DIGGEN mit Pimf
Das erste Konzert, das man ohne Eltern besuchen durfte. Nachts alleine auf der Autobahn und den gleichen Song immer und immer wieder hören, weil man nicht fassen kann, wie gut er ist. Der Track, den man mit den Freunden von früher laut grölend auf jeder Party mitgesungen hat. Vermutlich kennt jeder Mensch diesen Moment: Es läuft ein bestimmtes Lied oder Album, das einen direkt emotional in eine Situation zurückversetzen kann, nostalgisch werden lässt oder einfach nur aufgrund seiner Machart immer wieder zum Staunen bringt. Und genau darum geht es in unserem neuen Format "DIGGEN mit …". Wir diggen mit verschiedenen Protagonist:innen der Szene in ihren gedanklichen Plattenkisten und sprechen über Musik, die diese Emotionen in ihnen auslöst. Dafür stellen unsere Gäste jeweils eine eigene Playlist mit Songs zusammen, die sie bewegen, begeistern und inspirieren.
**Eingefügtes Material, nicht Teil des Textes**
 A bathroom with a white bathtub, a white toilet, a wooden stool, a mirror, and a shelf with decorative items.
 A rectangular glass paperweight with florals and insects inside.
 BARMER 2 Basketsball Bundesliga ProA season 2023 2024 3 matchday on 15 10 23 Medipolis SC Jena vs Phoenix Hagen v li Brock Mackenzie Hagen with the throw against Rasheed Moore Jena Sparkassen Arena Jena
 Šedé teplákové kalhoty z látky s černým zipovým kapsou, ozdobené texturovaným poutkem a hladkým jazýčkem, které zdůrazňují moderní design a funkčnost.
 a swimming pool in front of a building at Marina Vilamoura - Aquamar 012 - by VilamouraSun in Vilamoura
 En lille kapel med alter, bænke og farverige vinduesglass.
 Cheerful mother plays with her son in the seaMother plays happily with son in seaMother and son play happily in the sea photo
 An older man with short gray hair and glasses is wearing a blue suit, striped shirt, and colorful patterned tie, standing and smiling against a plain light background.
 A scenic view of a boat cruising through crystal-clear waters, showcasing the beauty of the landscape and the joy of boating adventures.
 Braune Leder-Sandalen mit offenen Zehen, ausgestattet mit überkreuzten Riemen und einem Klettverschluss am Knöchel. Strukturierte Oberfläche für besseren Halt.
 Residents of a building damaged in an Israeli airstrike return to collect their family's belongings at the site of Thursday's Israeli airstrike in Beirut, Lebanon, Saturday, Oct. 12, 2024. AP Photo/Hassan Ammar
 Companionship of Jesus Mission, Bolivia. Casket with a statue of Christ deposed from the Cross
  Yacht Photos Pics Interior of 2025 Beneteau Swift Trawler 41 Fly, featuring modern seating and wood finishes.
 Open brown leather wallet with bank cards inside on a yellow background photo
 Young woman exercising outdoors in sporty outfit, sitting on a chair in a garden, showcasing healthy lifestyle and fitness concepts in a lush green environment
Für unser diesjähriges Special zur Bundestagswahl hat uns Pimf eine Playlist mit politischen Songs zusammengestellt. Er selbst verpackt seine politischen Überzeugungen immer häufiger in seiner Musik. Da er in Nordhessen aufwuchs, war vor allem der NSU-Mord an Halit Yozgat einschneidend für sein Verständnis von Rassismus und rechter Gewalt – die Themen, die ihn am meisten umtreiben. Abseits davon, dass er uns einige Songs mitbrachte, die sich mit dieser Thematik beschäftigen, sprach er auch über den unterschiedlichen Zugang, den man Menschen durch Musik zu gesellschaftlich relevanten Themen möglich machen kann sowie die eindrückliche Lebensrealität verschiedener Künstler:innen, der wir mit Empathie begegnen sollten. Er brachte dabei nicht nur Songs, sondern auch Menschen zusammen, die alle ihre Geschichte zu erzählen haben.
1. Yassin – Abendland (prod. by Yassin, Philipp Schwär)
Pimf: Yassin ist wahrscheinlich mein Lieblingsrapper in Deutschland. Ich fand das Album unfassbar krass. Als die erste Single-Auskopplung "Abendland" rauskam, hat mich das richtig weggeflasht. "Hass, der keine Gründe braucht, sucht sich den schwächsten Feind" bringt für mich so krass auf den Punkt, was gerade abgeht. Auch das von seinem Vater am Ende gesprochene Gedicht finde ich total spannend. Da bekomme ich jedes Mal Gänsehaut. Der Song kam in einer Zeit raus, in der es für mich als Künstler eine immer größere Rolle gespielt hat, mich in der Musik auch politisch zu äußern. Und dafür hat mir Yassin mit dieser Platte und auch seinem Schaffen drumherum noch mehr Anstoß gegeben. Weil er es nicht Zeigefinger-mäßig, sondern cool macht – alleine, was für Perspektiven er einnimmt.
2. Pimf – Leg dein Ohr auf die Schiene der Geschichte (prod. by bitbeats)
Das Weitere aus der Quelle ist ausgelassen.